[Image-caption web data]
= Beginning of Section =

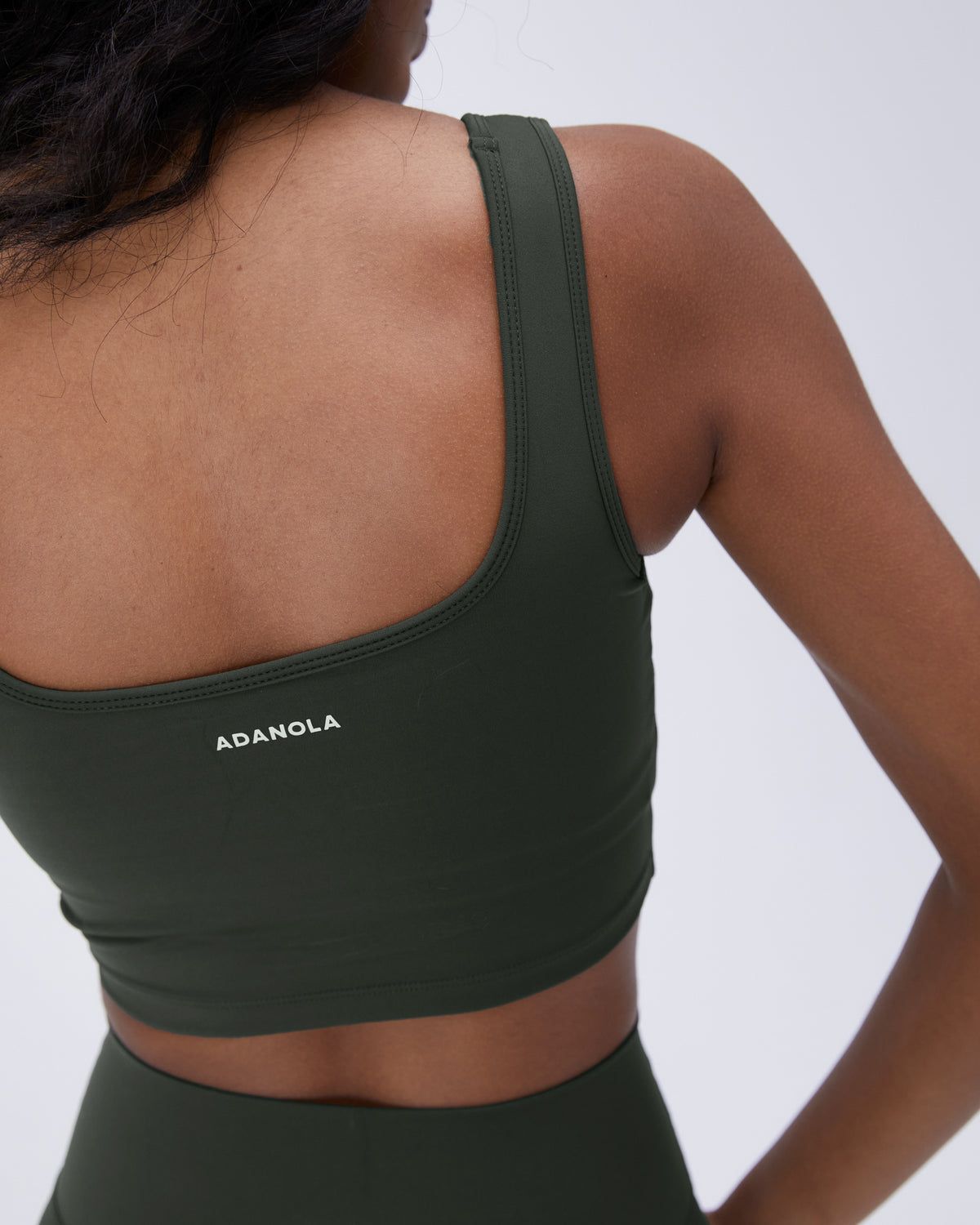 Adanola Ultimate Square Neck Bra Dunkelolivgrün | 32XGILJYU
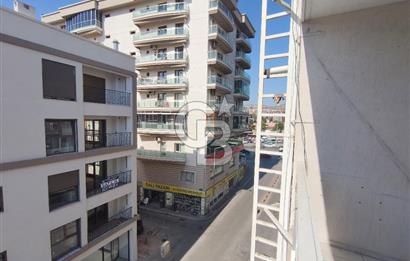 Karşıyaka Anadolu Caddesi Üzerinde Geniş Ferah 3+1 Kiralık Daire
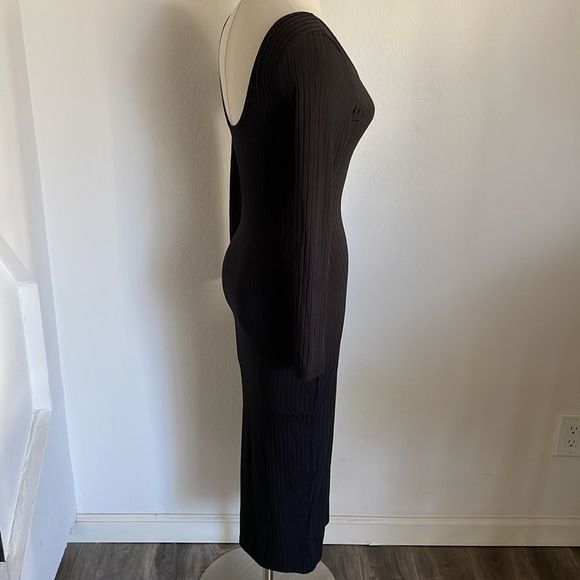 Sexy Black Dress   - Picture 7 of 7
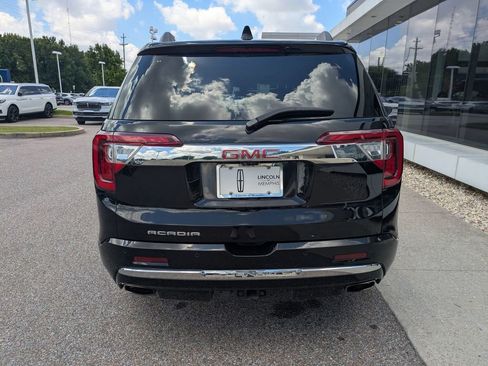 Used 2023 GMC Acadia Denali w/ Black Diamond Edition FWD image 5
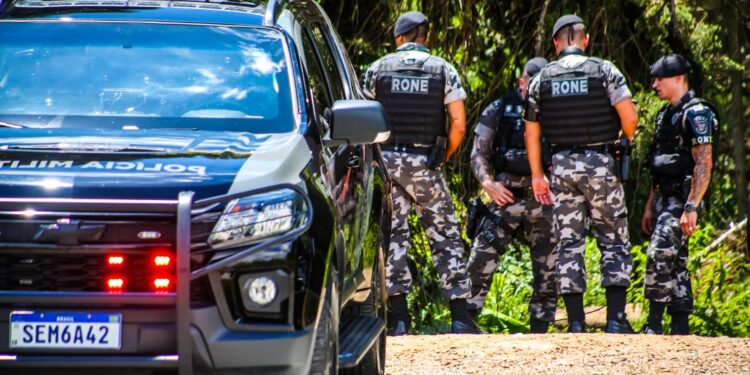 Criminosos que iriam se vingar de policiais são surpreendidos pela RONE; um tombou em confronto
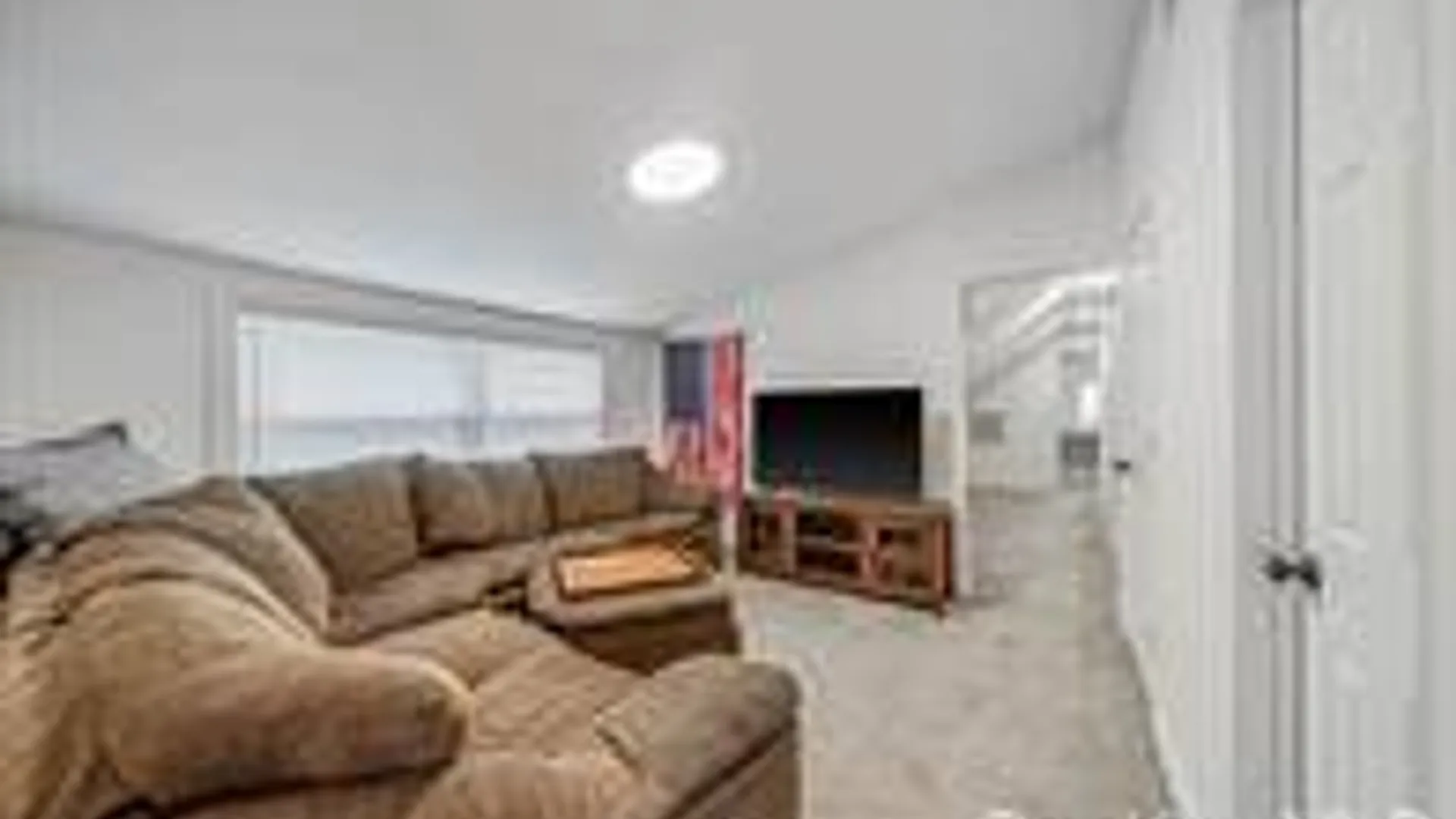 Property at 5 Horseshoe Drive, Holbrook, NY 11741 37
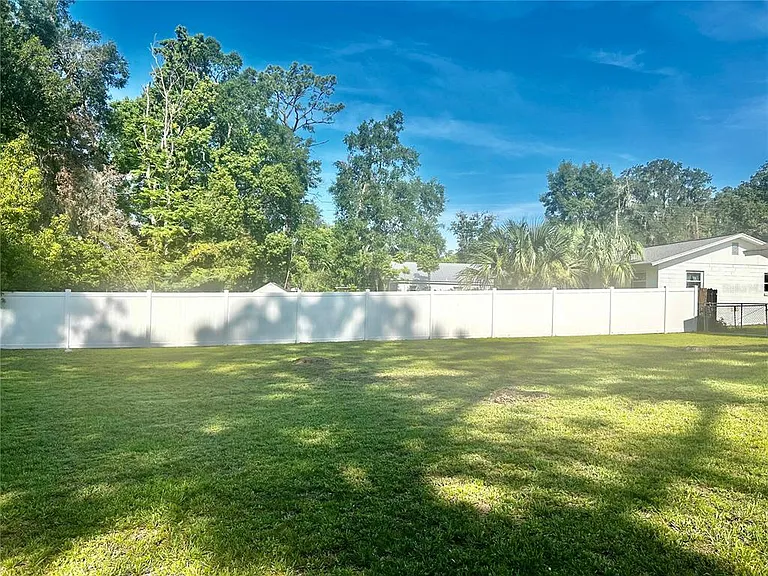 3020 SE 11th St — Photo 38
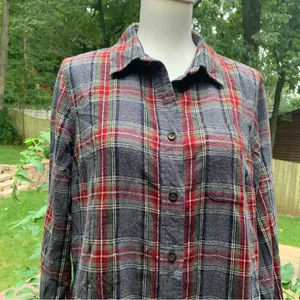 LL Bean Shirt Women Medium M Gray Scotch Plaid Flannel Slightly Fitted Top thumbnail 2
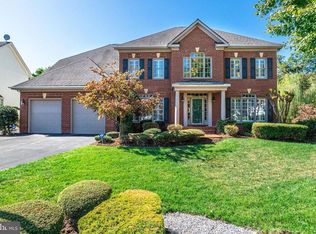 7002 Highland Meadows Ct, Alexandria, VA 22315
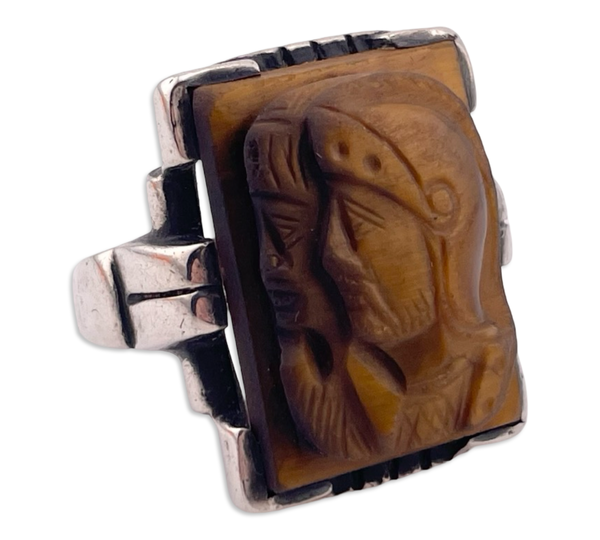 size 9 sterling silver tigers eye two knights cameo ring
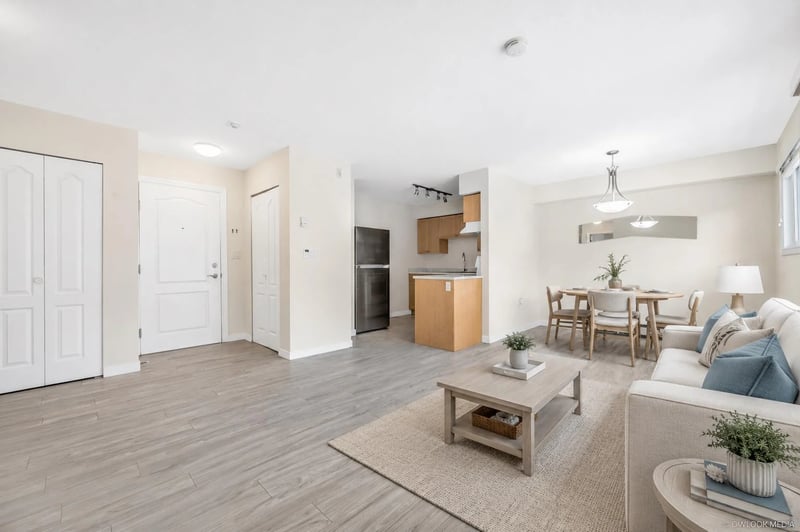 #103 14881 MARINE DRIVE Drive, White Rock, British Columbia, V4B1C2, White Rock, British Columbia — photo 1 of 5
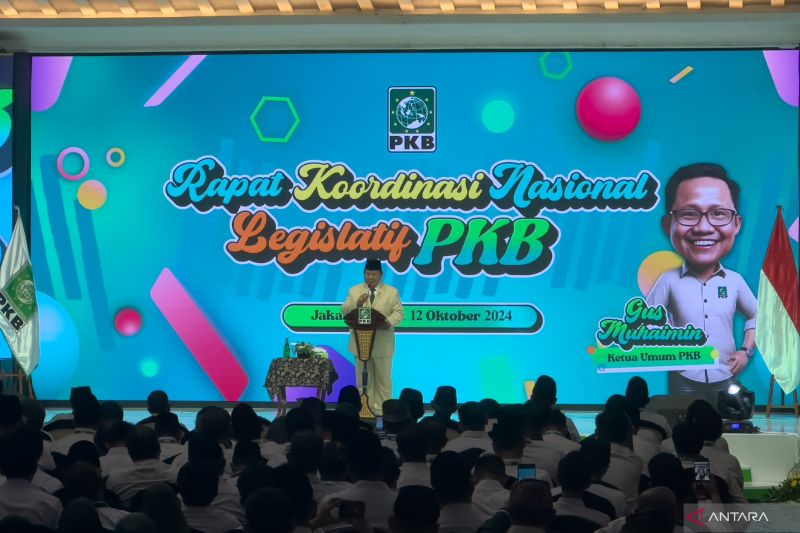 Calon presiden terpilih pada Pemilu 2024 Prabowo Subianto saat menghadiri Rapat Koordinasi Nasional Legislatif PKB di Jakarta, Kamis (10/10/2024). ANTARA/Rio Feisal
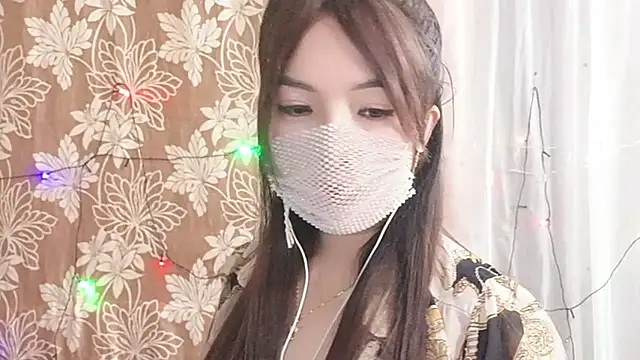 Snapshot of Lanian_99 chatting on October 6, 12:24 pm Lanian 99 online show from October 6, 12:24 pm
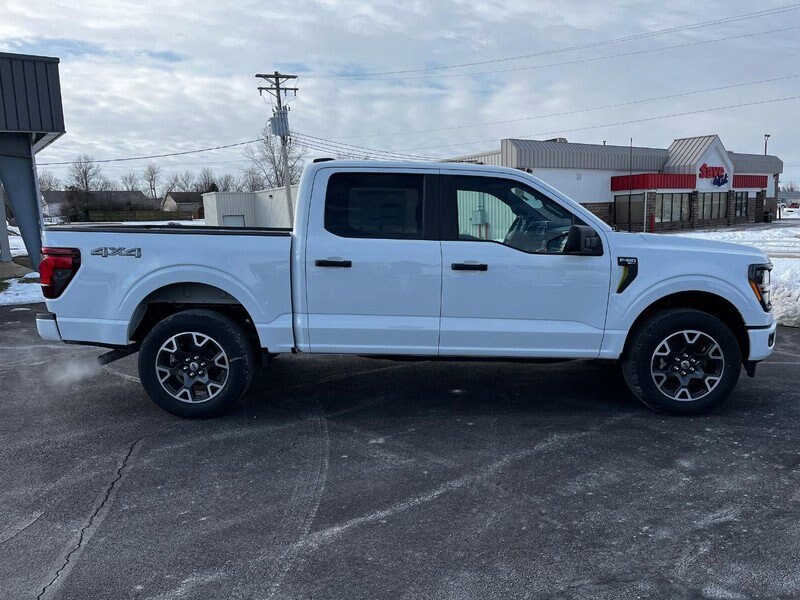2025 Ford F-150 STX photo 2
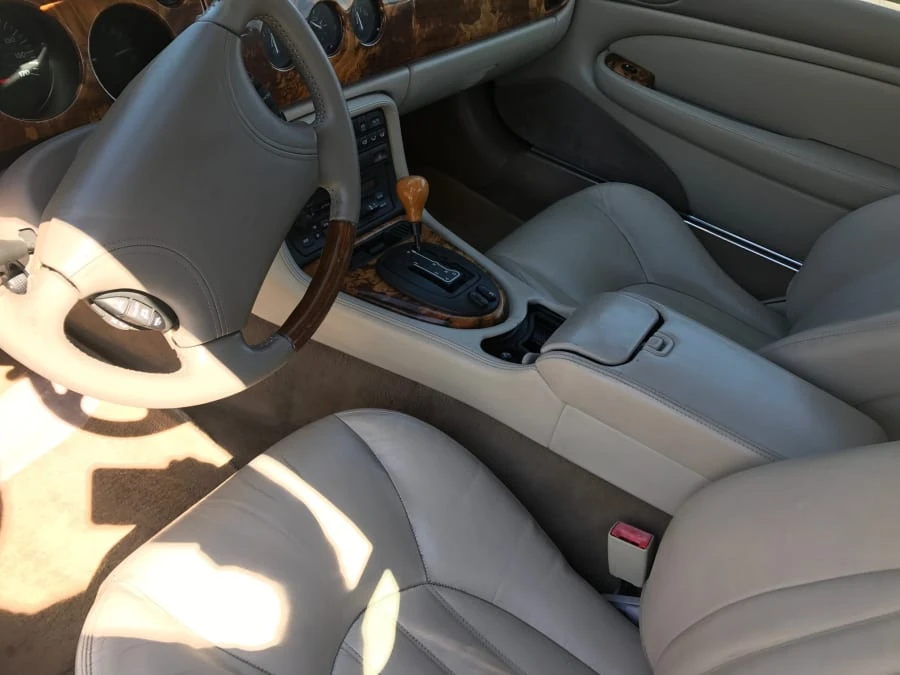 1997 Jaguar X100 XK8 - Image 3 of 7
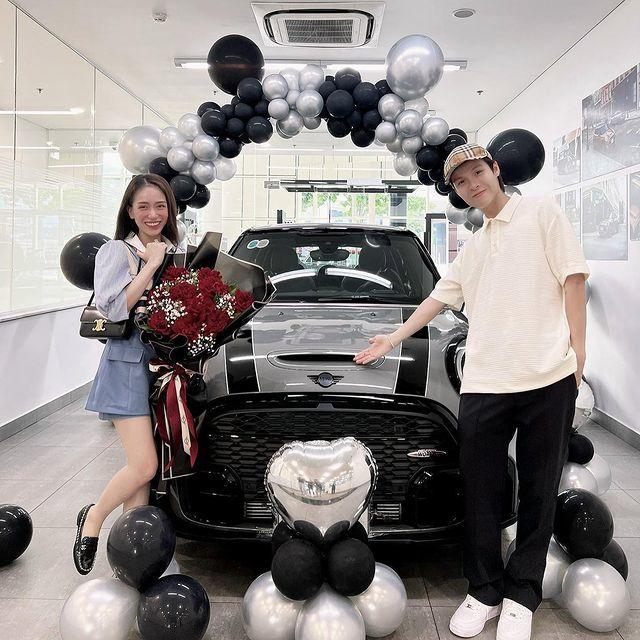 Con gái Minh Nhựa siêu giàu, sắm xế hộp tiền tỷ đi chơi Tết-3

= End of Section =

:: PROBLEM DESCRIPTION ::
Hand back all the entries exactly, leaving out the pictures.

:: ANSWER TO THIS TASK ::
 Adanola Ultimate Square Neck Bra Dunkelolivgrün | 32XGILJYU
 Karşıyaka Anadolu Caddesi Üzerinde Geniş Ferah 3+1 Kiralık Daire
 Sexy Black Dress   - Picture 7 of 7
 Used 2023 GMC Acadia Denali w/ Black Diamond Edition FWD image 5
 Criminosos que iriam se vingar de policiais são surpreendidos pela RONE; um tombou em confronto
 Property at 5 Horseshoe Drive, Holbrook, NY 11741 37
 3020 SE 11th St — Photo 38
 LL Bean Shirt Women Medium M Gray Scotch Plaid Flannel Slightly Fitted Top thumbnail 2
 7002 Highland Meadows Ct, Alexandria, VA 22315
 size 9 sterling silver tigers eye two knights cameo ring
 #103 14881 MARINE DRIVE Drive, White Rock, British Columbia, V4B1C2, White Rock, British Columbia — photo 1 of 5
 Calon presiden terpilih pada Pemilu 2024 Prabowo Subianto saat menghadiri Rapat Koordinasi Nasional Legislatif PKB di Jakarta, Kamis (10/10/2024). ANTARA/Rio Feisal
 Snapshot of Lanian_99 chatting on October 6, 12:24 pm Lanian 99 online show from October 6, 12:24 pm
2025 Ford F-150 STX photo 2
 1997 Jaguar X100 XK8 - Image 3 of 7
 Con gái Minh Nhựa siêu giàu, sắm xế hộp tiền tỷ đi chơi Tết-3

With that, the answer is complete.